• How to complete this task:
Look below for the line with "聚亿缘宝(金如意）_08.jpg", then repeat it and all lines after it, exactly, minus any pictures.

═══ Data

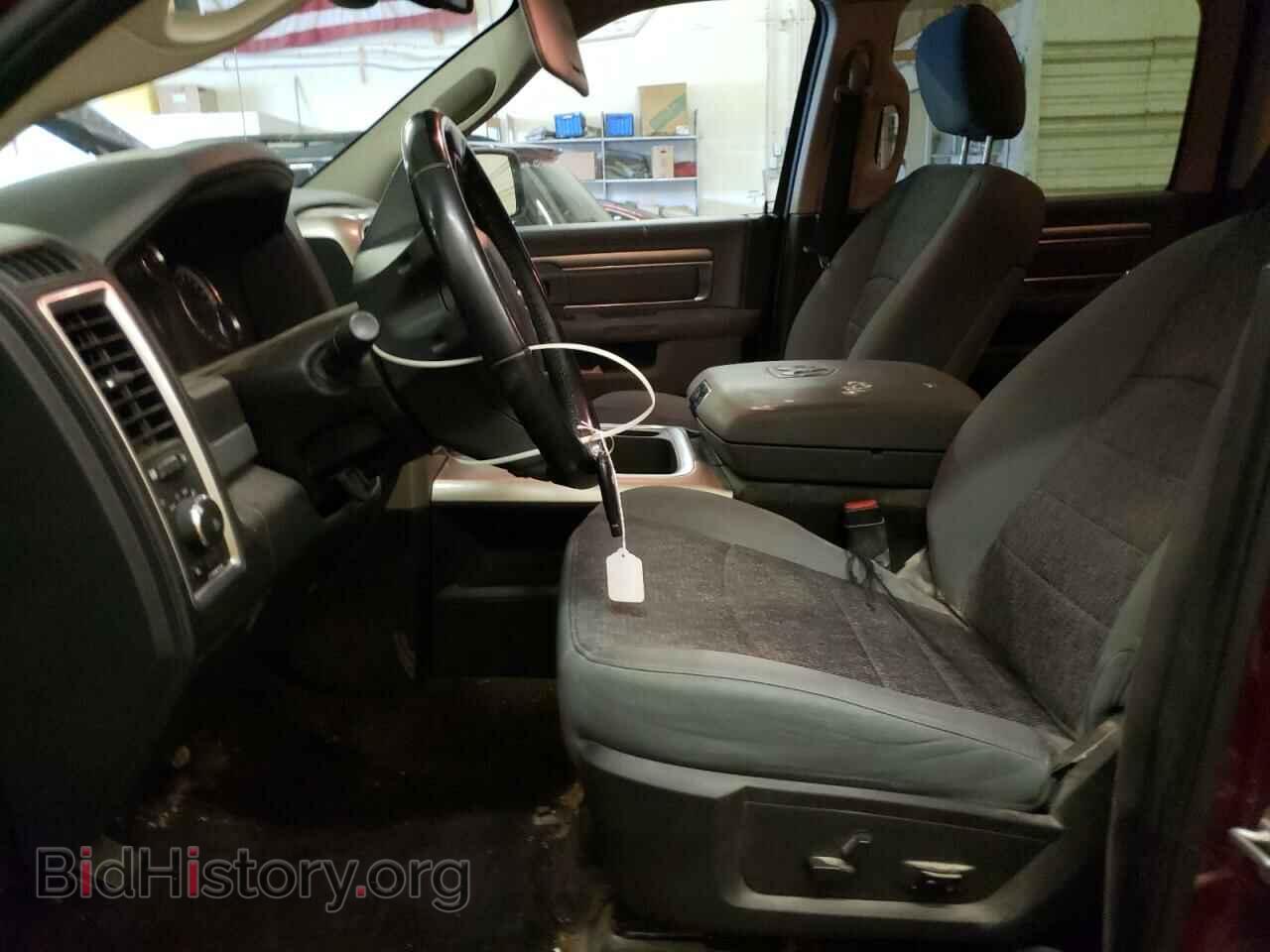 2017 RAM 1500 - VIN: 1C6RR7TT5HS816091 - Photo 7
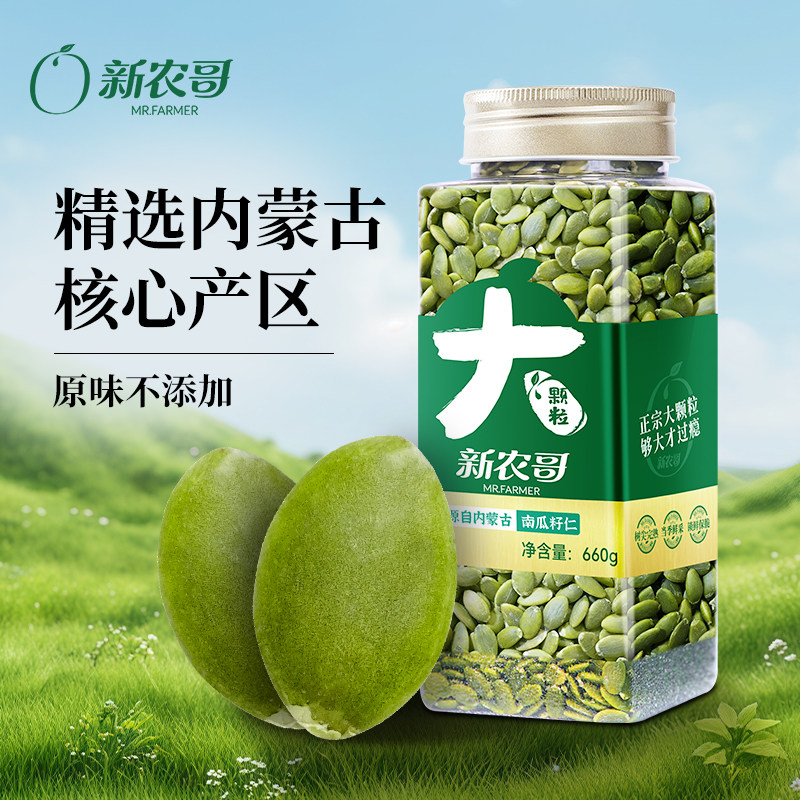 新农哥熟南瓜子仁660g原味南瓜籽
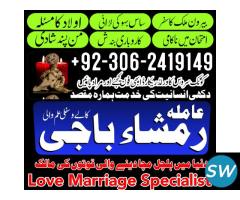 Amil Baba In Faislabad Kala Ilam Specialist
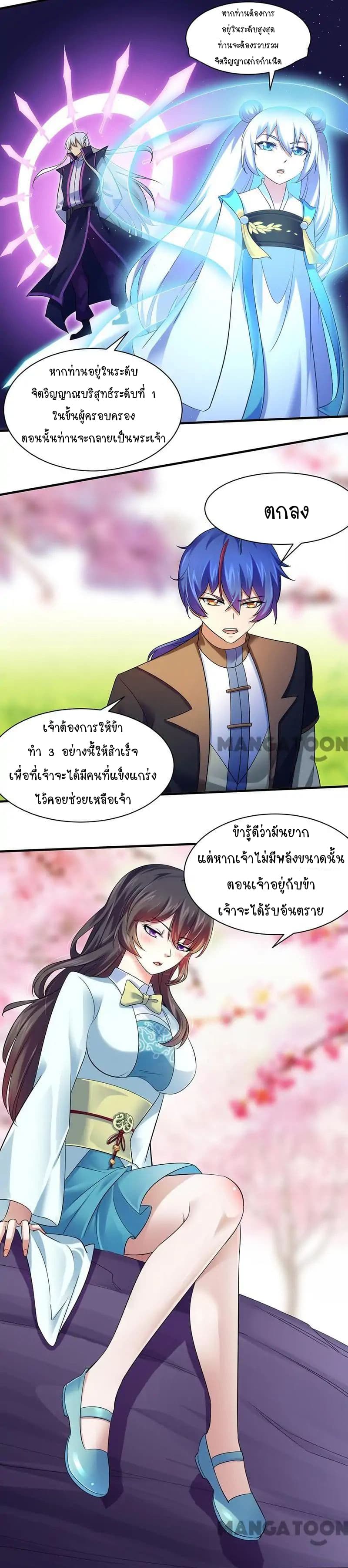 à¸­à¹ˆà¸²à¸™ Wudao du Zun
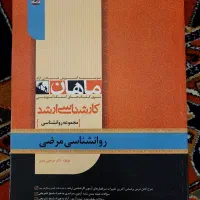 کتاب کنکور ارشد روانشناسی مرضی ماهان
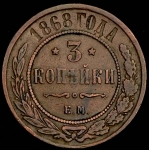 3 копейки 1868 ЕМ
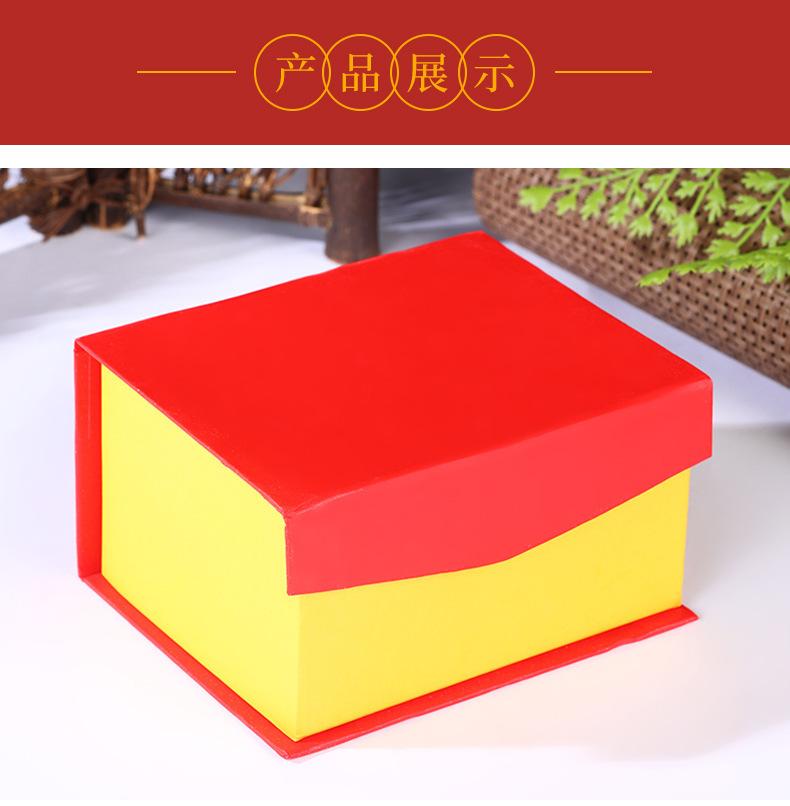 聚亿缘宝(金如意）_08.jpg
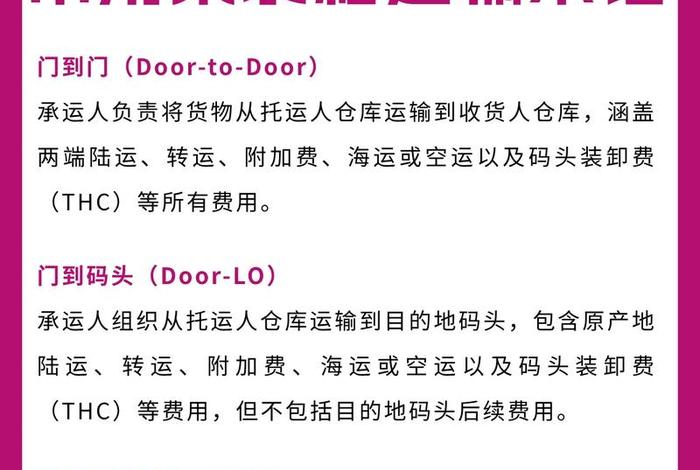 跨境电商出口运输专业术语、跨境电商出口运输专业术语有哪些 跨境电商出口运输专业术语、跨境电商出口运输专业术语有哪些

══════

• Response area:
 聚亿缘宝(金如意）_08.jpg
 跨境电商出口运输专业术语、跨境电商出口运输专业术语有哪些 跨境电商出口运输专业术语、跨境电商出口运输专业术语有哪些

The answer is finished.